Java - Default Locales, Timezones, and Character Sets
Overview
Java is a prolific programming language that is used in everything from phones to cars to desktops to servers. Software that is used around the world must work in different locales, timezones, and character sets. By default, Java doesn’t protect programmers from making poor decisions when it comes to international software. Apache Lucene/Solr, which I am a commiter to, led the way in dealing with preventing bad habits with automated tools.
Dealing with Turkish locale
One example of Java’s bad default behavior is with lowercasing strings. With the Turkish locale, lowercasing or uppercasing a string can result in multiple formats. Locale.getDefault()
causes issues with the Turkish locale. The default method java.lang.String@toLowerCase()
is dangerous in this regard. Instead you should use Locale.ROOT
to avoid locale specific case changing. If you are not presenting the string, it won’t matter if you use Locale.ROOT
.
Introduction to forbidden-apis
forbidden-apis
is a project written by @uschindler that hooks into the build process to prevent certain API usage. The build can be configured to fail if a signature is found. forbidden-apis
can be used with Apache Ant, Apache Maven, and Gradle. The automated tool forbidden-apis
makes it impossible to use methods that have ambiguous locale, timezone, and charset implications. The forbidden-apis
tool is used in Apache Lucene/Solr to prevent these types of problems from occuring. forbidden-apis
has been blogged about here, here, and here.

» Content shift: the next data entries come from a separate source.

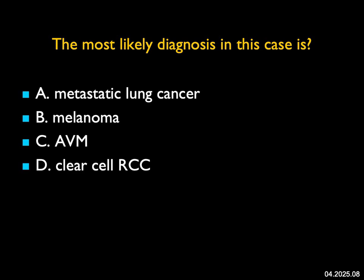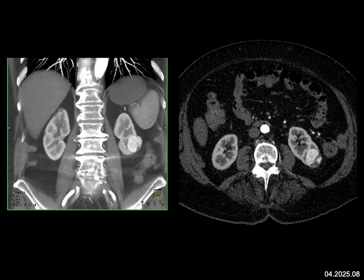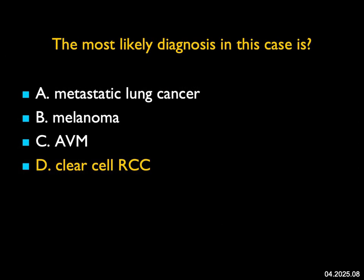The most likely diagnosis in this case — there's a mass about three centimeters at the lower pole lateral aspect of the left kidney. The contralateral right kidney looks okay, and I don't see adenopathy or any other finding. This is a vascular renal lesion. The most likely diagnosis statistically is going to be renal cell carcinoma — 85% of renal cells, and the vascular ones are typically going to be clear cell, which is the answer. This does not have the appearance of an AVM — you don't see feeding or draining vessels. Melanoma is typically not very vascular, and lung cancer metastases to the kidney are usually hypovascular.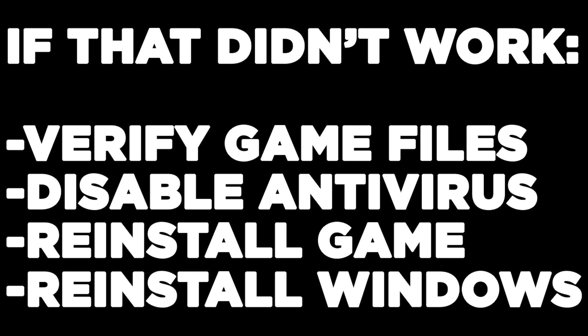If that didn't work, verify game files, disable antivirus, reinstall game, reinstall windows.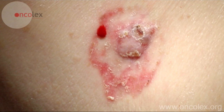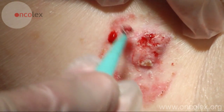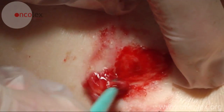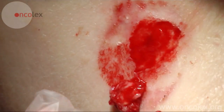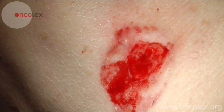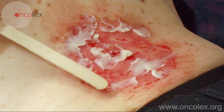The lesion appears as a raised polyp-like skin abnormality. By scraping, the tumor characteristically comes off in one piece. The cream is then applied to the lesion and it is covered.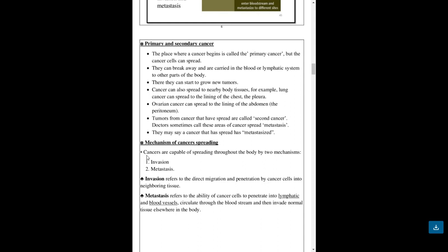Malignant cancer can start to grow new tumors. Cancer can also spread to nearby body tissues. For example, lung cancer can spread to the lining of the chest, the pleura. Ovarian cancers can spread to the lining of the abdomen, the peritoneum. Tumors from cancer that have spread are called secondary cancer. Doctors sometimes call these areas of cancer spread metastases. They may say a cancer that has spread has metastasized.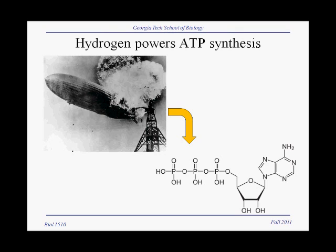The explosion of the Hindenburg gave a really graphic demonstration of how much power there is in hydrogen when it reacts with oxygen. While we don't have explosions in cells, what we have instead is that this tremendous amount of potential energy is captured incrementally in cells to power synthesis of ATP from ADP.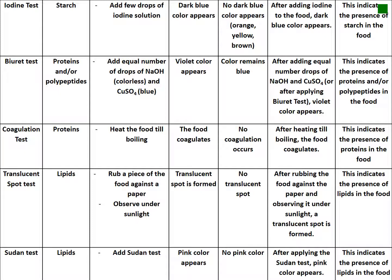The coagulation test is done exclusively to identify proteins — coagulation of the food means protein is present, no coagulation means no protein. The translucent spot test identifies lipids — rub a piece of food against paper and observe under sunlight; a translucent spot indicates lipids are present, no spot means no lipids. The Sudan test also identifies lipids — add Sudan test solution; a pink color means lipids are present, no pink color means they are absent.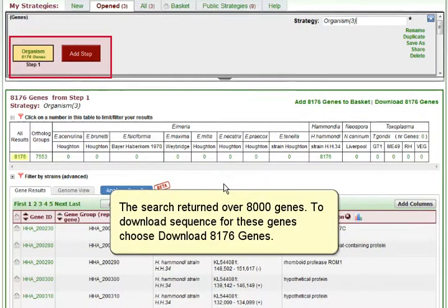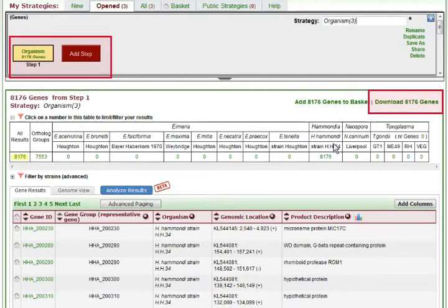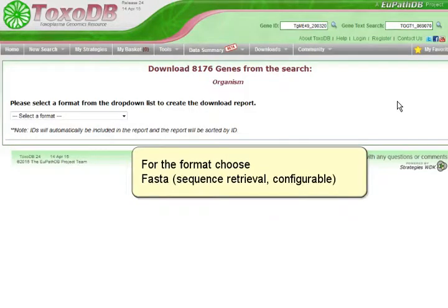The search returned over 8000 genes. To download sequence for these genes, choose Download 8176 genes. For the format, choose FASTA, Sequence Retrieval, Configurable.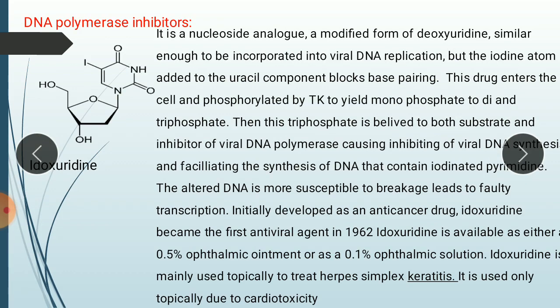DNA polymerase inhibitors are drugs which inhibit the DNA polymerase enzyme. They are nucleotide analogs — modified forms of deoxyribonucleotides — that have structural similarity with the normal bases of DNA, similar to the first category, NRTI.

Apache Caclite and forbidden-apis
Apache Calcite is a project that provides pieces to build a database including SQL parsing and query optimization. I integrated Apache Calcite into Apache Solr to improve the SQL support. During this integration, Apache Solr automated tests found an issue with Apache Calcite and its handling of locales, timezones, and charsets. CALCITE-1667 tracked integrating forbidden-apis
to ensure that problems don’t creep back into later releases. In the first half of 2017, Apache Calcite 1.12.0 and Apache Calcite Avatica 1.10.0 were released fixing the issues mentioned above.
What is next?
forbidden-apis
can prevent issues that are not easy to predict with automated tests. Not many developers test across multiple locales, timezones, and charsets. forbidden-apis
is one more tool to help make stable software.